What is a Brain Injury Functional Evaluation Program?

A Brain Injury Functional Evaluation Program is another series of tests designed to assess the impact of a patient’s cognitive deficit upon their daily function. Again, this is about a four-hour test and is usually done on a separate day from the General Diagnostic Battery and Neuropsychological Evaluation to avoid unnecessary stress and fatigue on the patient. The test involves a CNS Vital Signs Assessment, which is a computerized assessment of cognitive function. It tests many of the same things as the prior test. It also tests executive functioning including problem-solving, self-restriant, self-motivation and self-regulation of emotions. A number of activities are performed as a part of the test to analyze the patient’s functional cognitive activities. These test memory, ability to follow instruction, attention to visual details, cognitive flexibility, frustration control, dexterity, hand/eye coordination, following directions, comprehension, and math. In the end, the neuropsychologist is better able to understand the specific tasks of day-to-day function that have been affected and design a cognitive rehabilitation program to help the patient work around them.

Can MTBI be Treated?

Only a qualified neuropsychologist can truly answer this question for any particular case.  However, the above-tests are specifically aimed at determining whether there are areas in which the person’s quality of life may be improved. In many cases, the treatment is simply teaching a patient to learn to do things in a different manner than they did them before. For example, one with memory issues can learn to keep notes and make lists as reminders. Essentially, the goal of the treating neuropsychologist is to teach the patient a new way to solve the issues that their brain struggles with now. With many patients, a return to a functional lifestyle is possible.

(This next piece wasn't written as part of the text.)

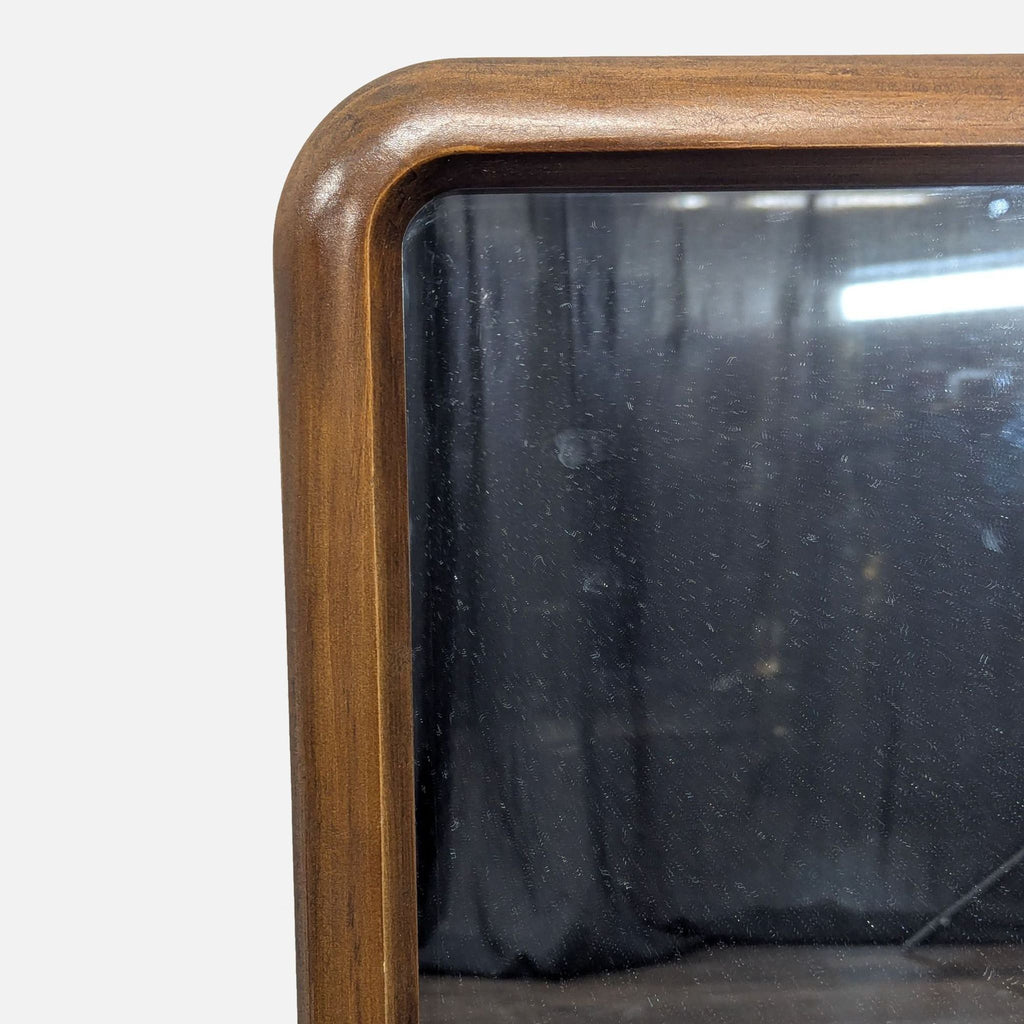 Uniek Mirror in Walnut Frame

What is Post-Traumatic Stress Disorder (PTSD)?

Post-Traumatic Stress Disorder (PTSD) is an emotional disorder affecting the way a person copes with things after having suffered a life-threatening or horrifying event. This may include depression, anxiety or any number of emotional disturbances that follow a traumatic event. It may last only a short time or it may be permanent.  Typically, PTSD is treated by psychiatric counseling to assist the patient in coping with the disorder. This type of treatment is commonly required to deal with things such as depression and/or anxiety that flow from the event that produced the TBI.